───── MATERIAL PROVIDED ─────

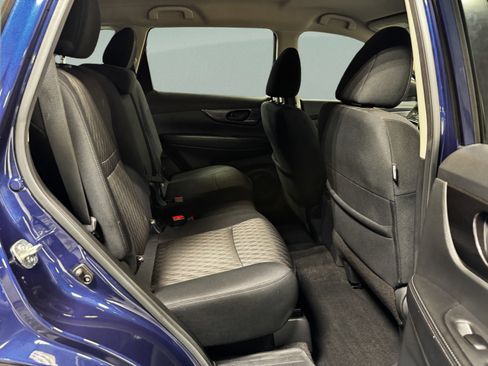 Used 2020 Nissan Rogue S FWD image 24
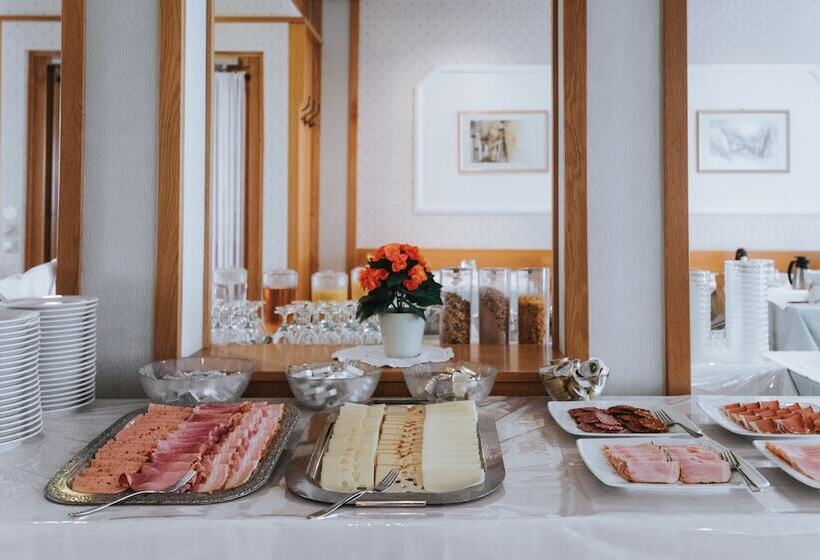 Отель Mörbischerhof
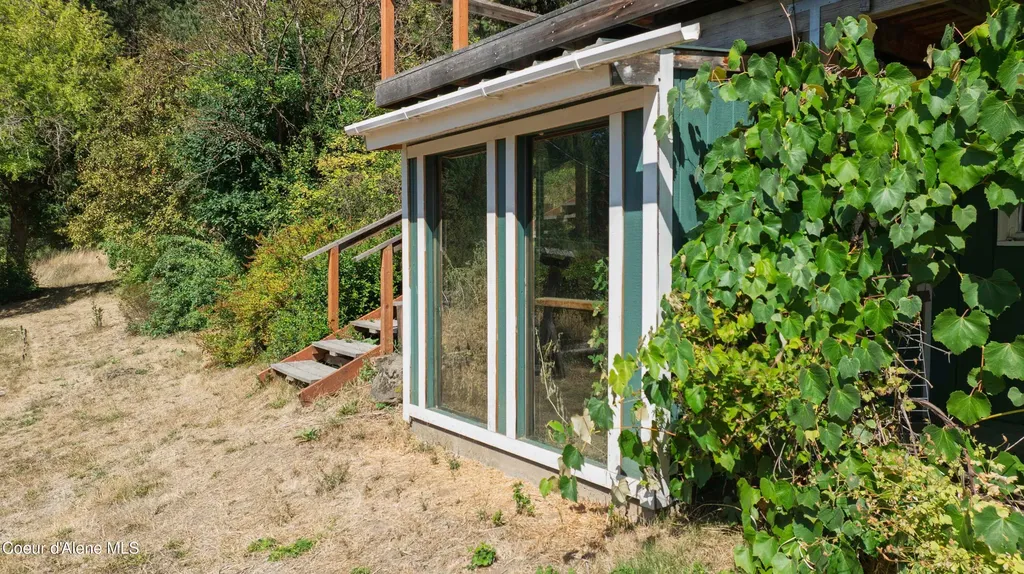 1133 Goosehaven Road St. Maries ID 83861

─────

## [ABOUT THIS TASK]
Could the lines above be copied out exactly, with no image carried over?

## [TASK ANSWER]
 Used 2020 Nissan Rogue S FWD image 24
 Отель Mörbischerhof
 1133 Goosehaven Road St. Maries ID 83861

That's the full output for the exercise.